An exact repetition of the data is required; no picture should appear in it.

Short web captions
■ ■ ■ ■

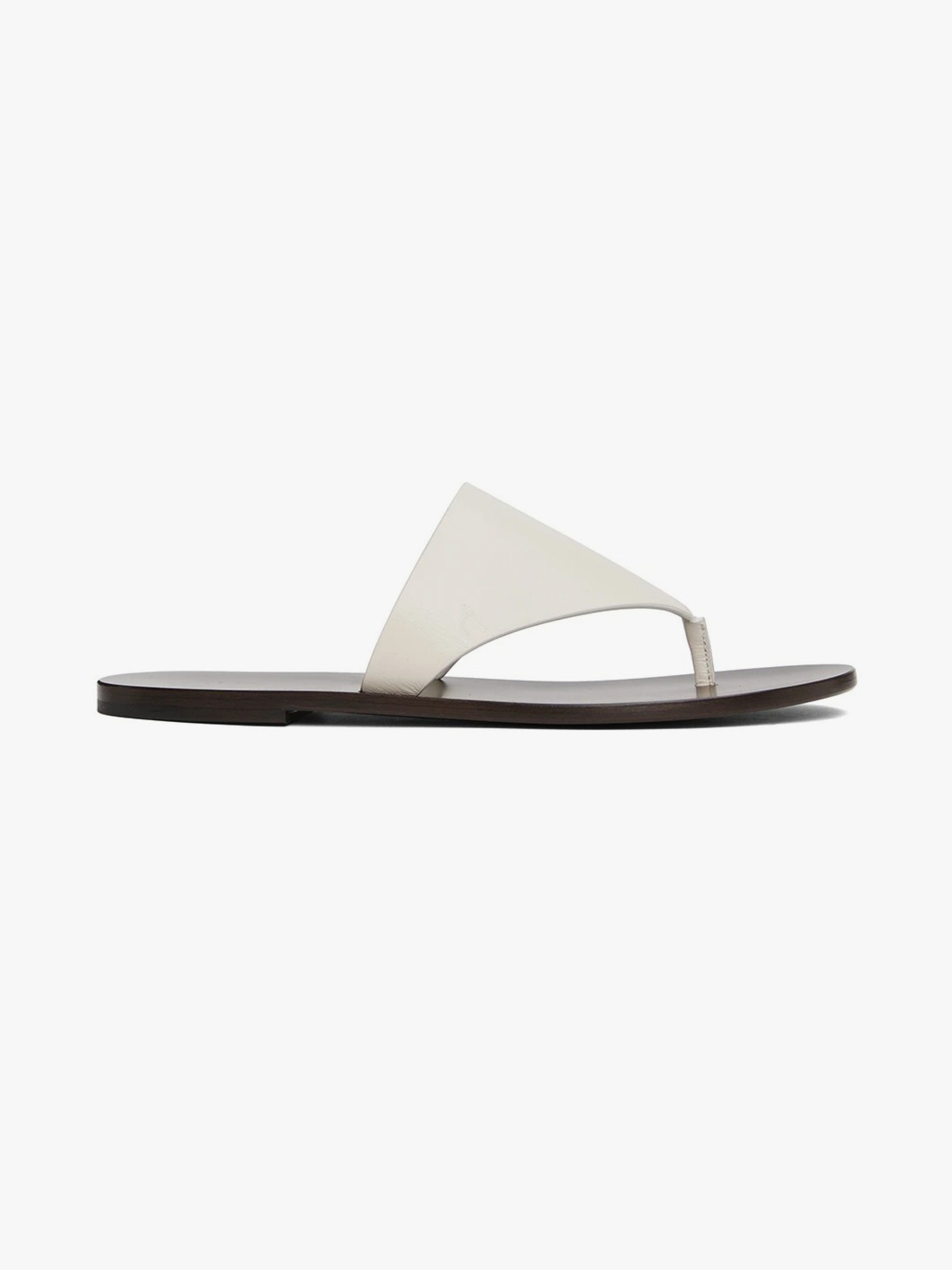 Sandalias blancas de The Row.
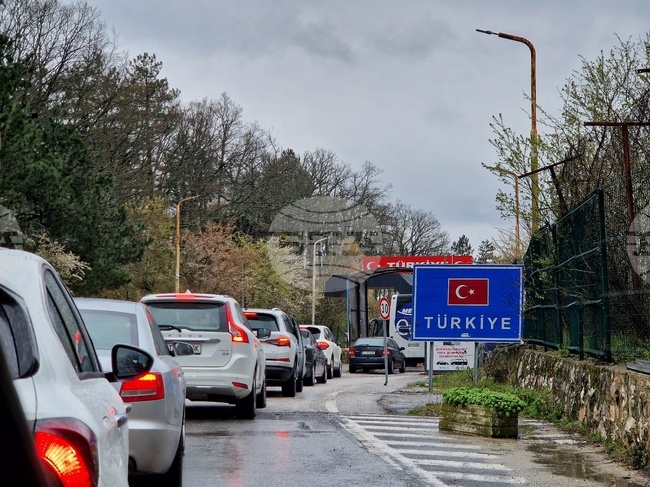 Трафикът на вход и изход на ГКПП "Малко Търново" е интензивен за леки автомобили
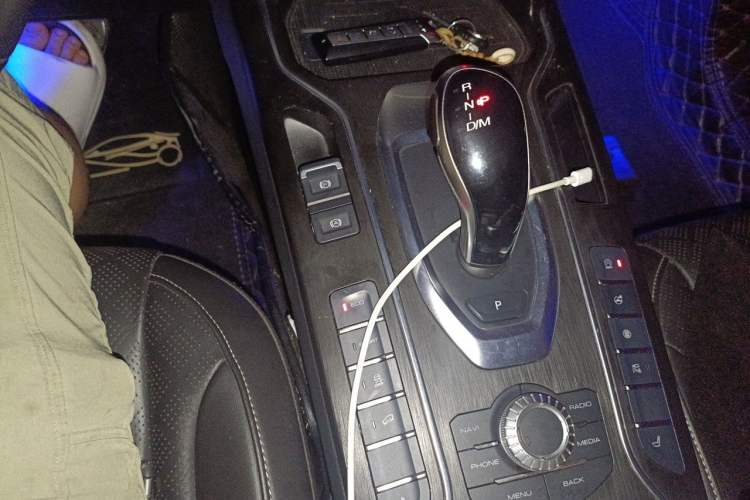 Used Wey VV6 2020 2.0T Two-Wheel Drive Smart Enjoyment+ Gear Lever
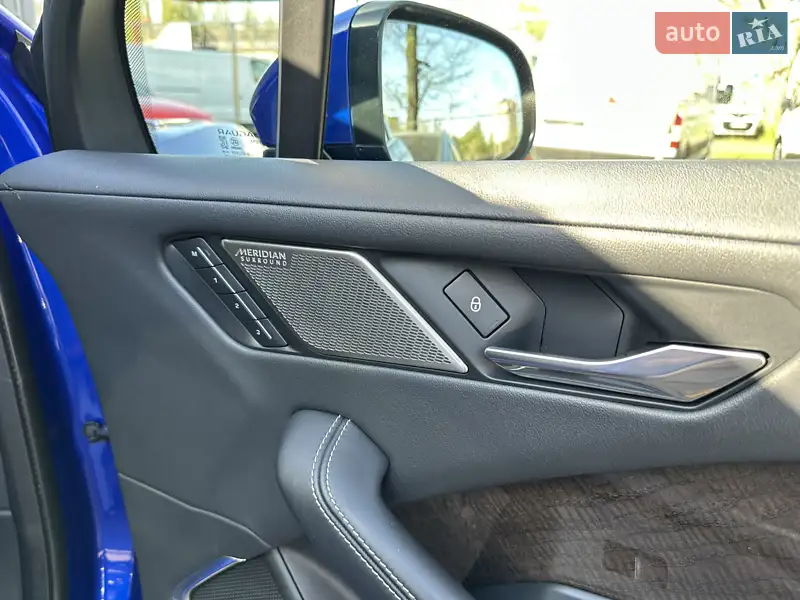 Внедорожник / Кроссовер Jaguar I-Pace 2018 в 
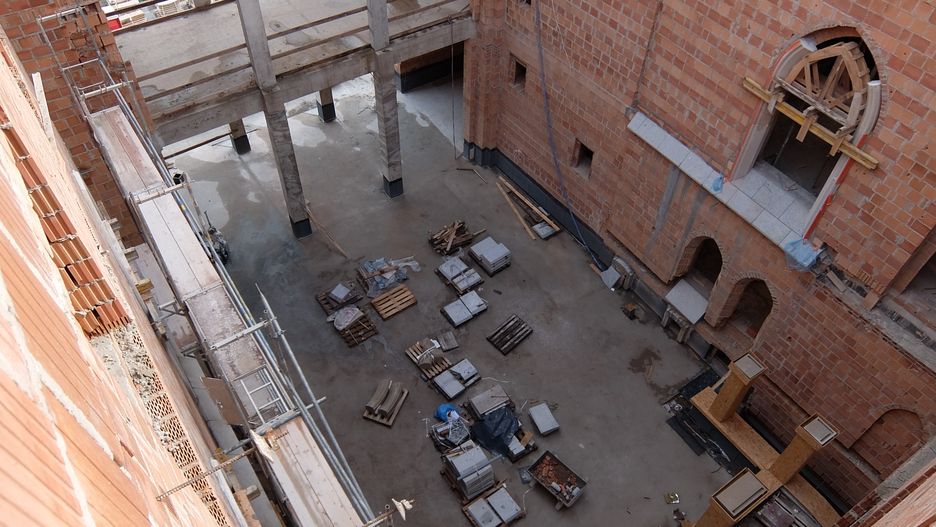 Zdjęcie z wnętrza samowoli budowlanej - wielkiego zamku w Stobnicy, który ma być hotelem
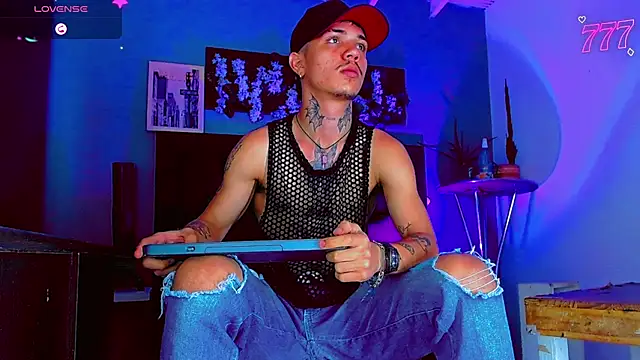 HannibalLester 라이브 XXX 채팅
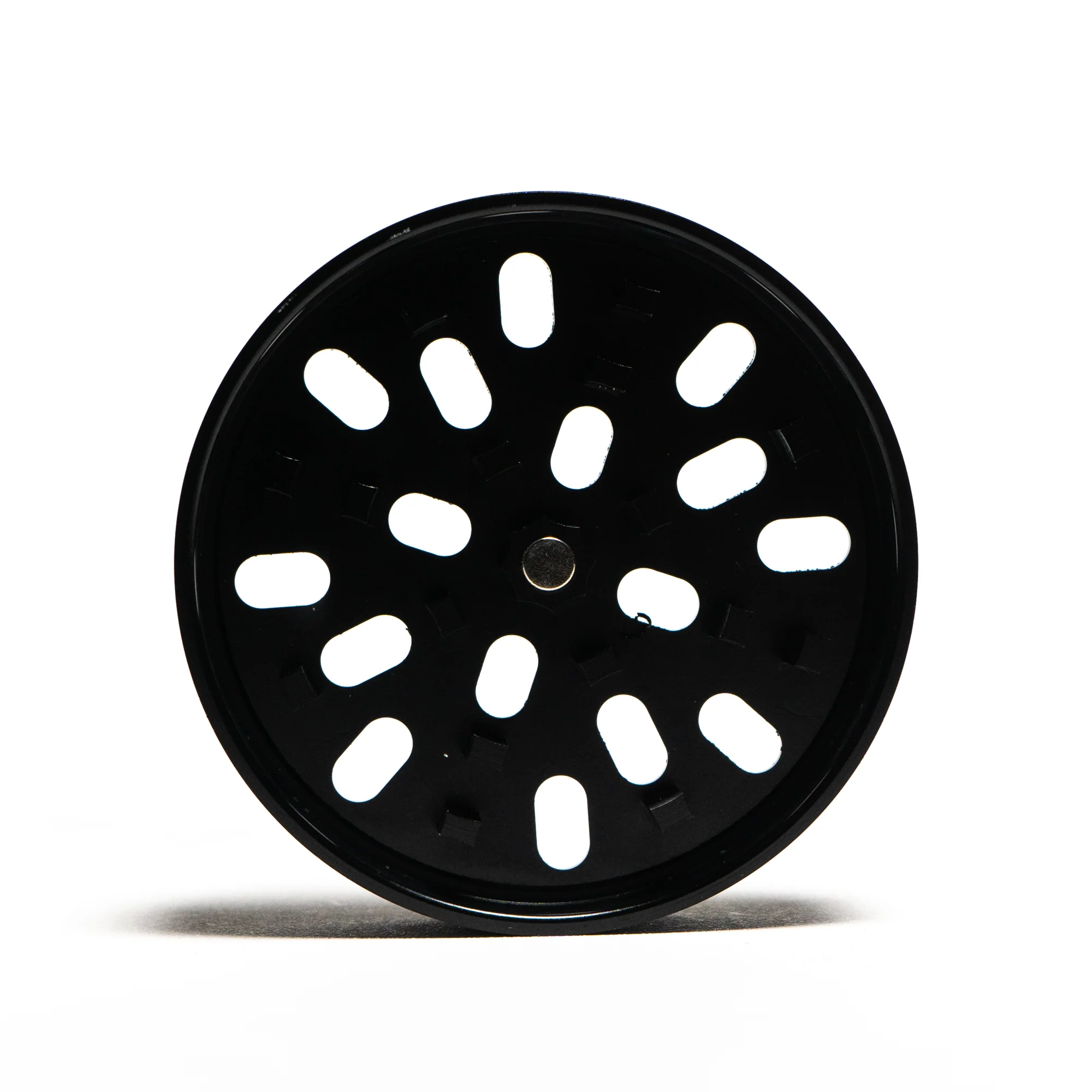 Elbo - Luxury 4 Piece Grinder - Black - Image 5
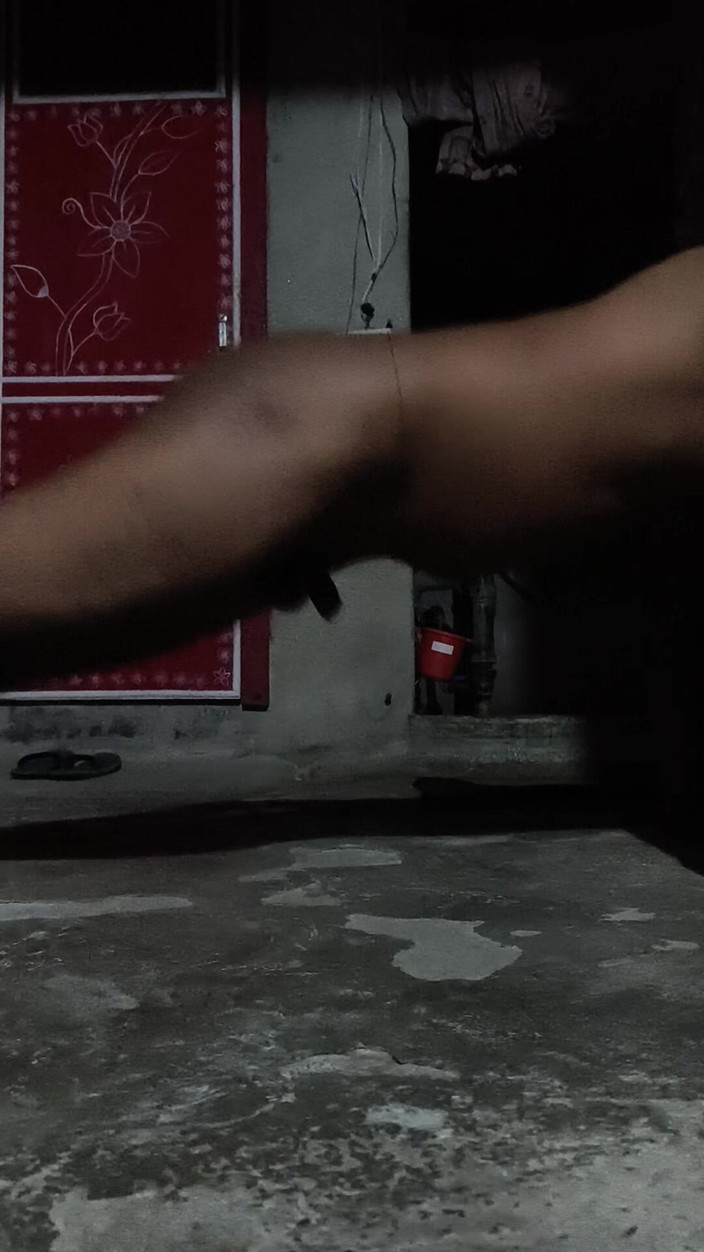 Indi archie: Sborra a mani libere durante l'esercizio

■ ■ ■ ■

# WRITTEN ANSWER
 Sandalias blancas de The Row.
 Трафикът на вход и изход на ГКПП "Малко Търново" е интензивен за леки автомобили
 Used Wey VV6 2020 2.0T Two-Wheel Drive Smart Enjoyment+ Gear Lever
 Внедорожник / Кроссовер Jaguar I-Pace 2018 в 
 Zdjęcie z wnętrza samowoli budowlanej - wielkiego zamku w Stobnicy, który ma być hotelem
 HannibalLester 라이브 XXX 채팅
 Elbo - Luxury 4 Piece Grinder - Black - Image 5
 Indi archie: Sborra a mani libere durante l'esercizio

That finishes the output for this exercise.